PROMPT
Please copy every line of the records below that holds the word "House".

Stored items

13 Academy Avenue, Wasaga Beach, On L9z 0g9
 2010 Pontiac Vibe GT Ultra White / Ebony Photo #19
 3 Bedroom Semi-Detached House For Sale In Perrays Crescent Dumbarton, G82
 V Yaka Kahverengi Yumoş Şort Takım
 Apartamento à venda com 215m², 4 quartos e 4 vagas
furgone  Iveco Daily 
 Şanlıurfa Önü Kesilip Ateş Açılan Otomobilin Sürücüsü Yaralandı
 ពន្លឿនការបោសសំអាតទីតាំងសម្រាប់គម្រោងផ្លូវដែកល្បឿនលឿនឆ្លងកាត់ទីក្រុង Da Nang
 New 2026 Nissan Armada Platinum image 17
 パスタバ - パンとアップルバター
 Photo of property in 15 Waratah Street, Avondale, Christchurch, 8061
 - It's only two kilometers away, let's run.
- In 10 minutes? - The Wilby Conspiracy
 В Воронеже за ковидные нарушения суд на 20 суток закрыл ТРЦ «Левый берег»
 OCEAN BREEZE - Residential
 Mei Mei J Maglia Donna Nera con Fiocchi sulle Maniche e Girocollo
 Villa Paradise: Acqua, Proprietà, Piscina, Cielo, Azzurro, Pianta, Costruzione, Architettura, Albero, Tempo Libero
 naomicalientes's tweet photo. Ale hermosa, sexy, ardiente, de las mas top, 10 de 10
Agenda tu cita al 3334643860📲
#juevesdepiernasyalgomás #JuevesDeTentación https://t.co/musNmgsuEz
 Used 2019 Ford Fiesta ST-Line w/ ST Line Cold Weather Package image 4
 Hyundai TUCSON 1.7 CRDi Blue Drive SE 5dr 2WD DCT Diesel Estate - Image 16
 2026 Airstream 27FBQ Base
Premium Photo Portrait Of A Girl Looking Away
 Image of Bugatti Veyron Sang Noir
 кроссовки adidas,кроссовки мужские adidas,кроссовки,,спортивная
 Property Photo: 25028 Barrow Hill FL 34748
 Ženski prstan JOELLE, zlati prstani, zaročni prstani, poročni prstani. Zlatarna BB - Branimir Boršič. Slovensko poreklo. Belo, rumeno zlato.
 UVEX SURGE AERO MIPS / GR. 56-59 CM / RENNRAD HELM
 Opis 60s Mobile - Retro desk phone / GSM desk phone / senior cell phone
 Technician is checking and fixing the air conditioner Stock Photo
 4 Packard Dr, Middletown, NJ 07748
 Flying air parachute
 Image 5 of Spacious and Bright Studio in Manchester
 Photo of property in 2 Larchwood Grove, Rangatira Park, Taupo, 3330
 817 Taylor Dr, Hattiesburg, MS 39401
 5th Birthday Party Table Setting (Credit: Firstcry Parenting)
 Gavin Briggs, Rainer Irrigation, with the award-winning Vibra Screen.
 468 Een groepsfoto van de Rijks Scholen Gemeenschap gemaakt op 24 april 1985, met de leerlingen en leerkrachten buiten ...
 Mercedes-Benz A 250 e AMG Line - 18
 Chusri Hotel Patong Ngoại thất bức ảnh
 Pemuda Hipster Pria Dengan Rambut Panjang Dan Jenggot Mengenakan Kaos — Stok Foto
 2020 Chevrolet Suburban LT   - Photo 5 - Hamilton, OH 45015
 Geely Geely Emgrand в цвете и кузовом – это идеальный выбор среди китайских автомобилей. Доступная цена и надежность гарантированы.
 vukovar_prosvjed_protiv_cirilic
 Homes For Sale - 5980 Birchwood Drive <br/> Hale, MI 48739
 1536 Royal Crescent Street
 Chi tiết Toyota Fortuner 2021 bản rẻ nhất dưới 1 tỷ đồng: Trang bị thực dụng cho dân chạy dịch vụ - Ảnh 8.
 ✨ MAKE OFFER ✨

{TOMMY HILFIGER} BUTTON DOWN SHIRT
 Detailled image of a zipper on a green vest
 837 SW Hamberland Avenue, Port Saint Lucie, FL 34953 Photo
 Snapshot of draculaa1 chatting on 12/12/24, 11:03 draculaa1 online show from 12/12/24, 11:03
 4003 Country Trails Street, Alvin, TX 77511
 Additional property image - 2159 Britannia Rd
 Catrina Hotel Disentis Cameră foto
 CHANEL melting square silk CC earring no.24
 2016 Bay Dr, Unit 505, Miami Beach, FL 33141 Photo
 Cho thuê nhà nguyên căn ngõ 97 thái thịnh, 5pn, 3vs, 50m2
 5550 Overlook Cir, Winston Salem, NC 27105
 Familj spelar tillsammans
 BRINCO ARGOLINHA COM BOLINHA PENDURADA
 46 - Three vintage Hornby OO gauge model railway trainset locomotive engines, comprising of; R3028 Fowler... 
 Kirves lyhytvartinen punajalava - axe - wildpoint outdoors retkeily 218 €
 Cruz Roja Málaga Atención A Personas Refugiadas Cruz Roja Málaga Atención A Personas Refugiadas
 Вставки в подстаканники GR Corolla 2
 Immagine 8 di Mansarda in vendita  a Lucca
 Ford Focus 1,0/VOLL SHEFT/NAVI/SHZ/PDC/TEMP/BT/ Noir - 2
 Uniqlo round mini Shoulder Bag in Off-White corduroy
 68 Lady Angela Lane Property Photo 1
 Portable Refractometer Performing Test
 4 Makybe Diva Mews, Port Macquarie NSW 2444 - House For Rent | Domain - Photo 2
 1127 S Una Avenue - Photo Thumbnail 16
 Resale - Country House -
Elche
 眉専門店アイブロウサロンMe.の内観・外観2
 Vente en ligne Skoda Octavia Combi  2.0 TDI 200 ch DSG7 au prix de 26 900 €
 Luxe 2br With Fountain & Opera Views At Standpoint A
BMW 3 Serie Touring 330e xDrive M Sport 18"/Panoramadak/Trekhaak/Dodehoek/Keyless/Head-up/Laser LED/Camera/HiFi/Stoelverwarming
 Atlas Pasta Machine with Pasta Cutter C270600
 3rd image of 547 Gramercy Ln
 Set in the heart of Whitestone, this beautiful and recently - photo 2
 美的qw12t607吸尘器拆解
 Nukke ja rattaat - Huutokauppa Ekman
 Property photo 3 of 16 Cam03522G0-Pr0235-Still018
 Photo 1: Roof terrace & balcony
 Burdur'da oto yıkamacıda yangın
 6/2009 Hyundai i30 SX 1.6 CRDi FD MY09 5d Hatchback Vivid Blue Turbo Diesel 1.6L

TASK OUTPUT
 3 Bedroom Semi-Detached House For Sale In Perrays Crescent Dumbarton, G82
 4 Makybe Diva Mews, Port Macquarie NSW 2444 - House For Rent | Domain - Photo 2
 Resale - Country House -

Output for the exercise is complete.